All these above questions are going to have differing answers depending on your view of God. If your view of God is restorative you might read into scripture at a different angle than a person who believes God is ultimately punitive.
Is free-will really free? This question particularly challenged me. While some in the film argue that God ultimately predestines both the 'saved' and the 'unsaved', other views rely heavily on a C.S. Lewis perspective of hell being the greatest monument to free-will. Kevin Miller seeks a third view that argues for what I like to call the 'wounded will'. We are affected by our culture, our upbringing, and the wounds of life that we all carry. Consider the example a child who is molested by a member of a church and then chooses in life to forever turn his/her back on all things to do with God. Miller and others in the film would suggest that for a person to properly make an informed free-will choice to respond to Jesus, that certain 'wounds of the will' would need to be healed.
Universalism is a viable theological option for believers (even if you disagree with it). The movie brings up several of the Patristics who subscribed to the Universalist position, most notably Gregory of Nysan who is one of the significant contributors of the Nicene Creed and the formation of the cannon. This is to say that many of the people who contributed to our concepts of 'what is orthodoxy?' are themselves Universalist. The early church really did not see the doctrine of hell as a contentious issue. I personally believe that this is likely due to the influence of Justin Martyr, who taught that personal salvation is not dependent on doctrine, but on the saving work of Jesus alone.
Believe it or not, there are good theological reasons, as opposed to emotional reasons, to hold to a Universalist perspective on Hell. The film also explores several scriptures and seeks to give some possible answers for them. The film directly comments on Dan 12; Isa 66; the Genhenna texts and the origins of the theology of hell. You might be surprised to find that much of our teaching about our concepts of hell originate in the intertestamental period. Brad Jersak does a good job suggesting that Jesus is a prophet in the line of Jeremiah (not the Apocrypha) and that many of the eternal torment texts are actually about the Destruction of Jerusalem in 70AD and not about the afterlife. (I encourage you to check out Brad's book ""Her gates will never be shut" if you wish to go deeper in the discussion)
Your view of hell does not put you out of the fold of Christianity. Peter Kreeft comments to this end, that 'praying for God to redeem all souls is a long held Catholic tradition'. I feel that perhaps one of the greatest contributions of the film is to question how we hold our beliefs. We are all trying our best to interpret scripture in light of the information we have. We should seek humbly to model disagreement in a effort to maintain unity. To quote a mentor of mine 'there is room for all at the table of discussion'.
Take the time to think through your position on hell. Robin Parry encourages listeners not to run to Universalism (or any other position) out of some sort of emotionally based decision. Take the time to read and process all the material on the subject. Ask questions, pray, discuss with others. Read a few books on each position.
I wholeheartly recommend that you take the time to watch this film and think through your own questions on the doctrine of Hell.

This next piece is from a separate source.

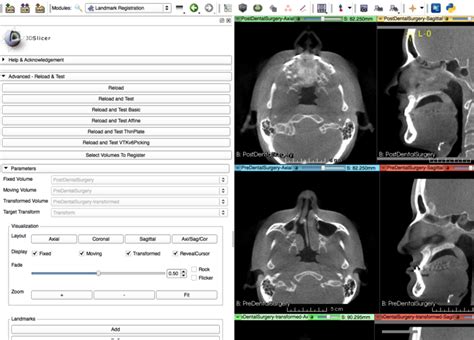 Documentationnightlymoduleslandmarkregistration Slicer Wiki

p.s. After the movie I had the amazing opprotunity to go for coffee with Kevin Miller, the director and writer of the film. First of all, I was super stoked that he would take the time to talk to me and my friend Jasen Lutz. It's not everyday you get to hang out with the director of a film and ask questions directly related to what you just saw. ("Hey Spielburg, Indian Jones 4 the worse thing ever!) I found him to be incredibly insightful, humorous, and graceful to people whatever there position may be. Thanks for coffee Kevin.